In January 2016, Valuentum published a more sanguine view of Kinder Morgan and the MLP arena in light of more conservative financial practices at Kinder Morgan and in the context of more reasonable valuations across the MLP space, far more reasonable than those of June 2015, the time at which Valuentum published its warning to members. Since January, shares of Kinder Morgan and the Alerian MLP ETF advanced nearly 70% and 60%, respectively, but as the image above shows, the retracement is but a fraction of where their equity prices once stood (shares would nearly have to triple off their respective bottoms to get “back to even.”). In January and February, Valuentum’s subscriptions soared thanks to our timely call on both sides of the trade. We were very appreciative of the new interest in our service.

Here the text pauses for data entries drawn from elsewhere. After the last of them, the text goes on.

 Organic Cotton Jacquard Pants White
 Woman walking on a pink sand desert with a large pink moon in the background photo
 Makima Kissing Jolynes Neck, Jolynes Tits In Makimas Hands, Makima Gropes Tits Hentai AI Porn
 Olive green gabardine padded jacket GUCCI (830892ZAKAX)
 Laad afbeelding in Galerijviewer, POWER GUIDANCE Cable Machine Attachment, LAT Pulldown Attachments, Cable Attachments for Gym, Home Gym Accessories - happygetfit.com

They say it takes years and years of incredible hard work to become an overnight success, right?
There are a few things I’d like to mention. First, the anonymous commenters in the public domain don’t have access to our research and thoughts. Only you do, so others outside of the Valuentum research service don’t know that we called the top in the MLP space in June 2015, and then the bottom in January 2016. They are pushing their own agenda, and frankly, it’s disgusting. It’s worse than disgusting. Many outside our paywall may not know that we cover each and every individual major business model within the MLP universe via our 16-page and dividend reports. Others that do read our articles may not understand that we like to focus on drawing similarities in the group with respect to their overleveraged balance-sheet status, free cash flow shortfalls after distributions paid, and ties to changes in crude oil and natural gas prices–my goodness, we know that each company is different. Can they be serious? Even more may not know that we’re well into the green since adding Kinder Morgan to the Best Ideas Newsletter portfolio shortly after the team at Berkshire Hathaway (BRK.A, BRK.B) established a position.
Why do I think bringing these points up is important? First, word of mouth is one of the most critical parts of advertising, for any company, anywhere — and it really doesn’t matter whose mouth it is, a random anonymous commenter on a content farm or other, and that’s why getting this story straight for our members is so important to me. It really may be the difference between a life-long customer and someone that cancels today. I’m not kidding. We don’t want accolades or much anything else, but rather what I think anyone deserves–for the story to be told correctly. I believe the Valuentum team did a fantastic job with its work on Kinder Morgan and the MLPs during the past few years, and frankly, I find it sad that we continue to have to defend our track record with each and every article we write on the space, but we will. We owe it to our members.
We’re going to keep working hard across all of our research platforms, delivering the best to our members, all the time. No other trust-seeking investment research team will endure what we’ve had to for any amount of subscription value. We will persevere. Onward!
(Yes, it’s that bad. No, it’s actually worse than that. I’d rather poke my eyes out.)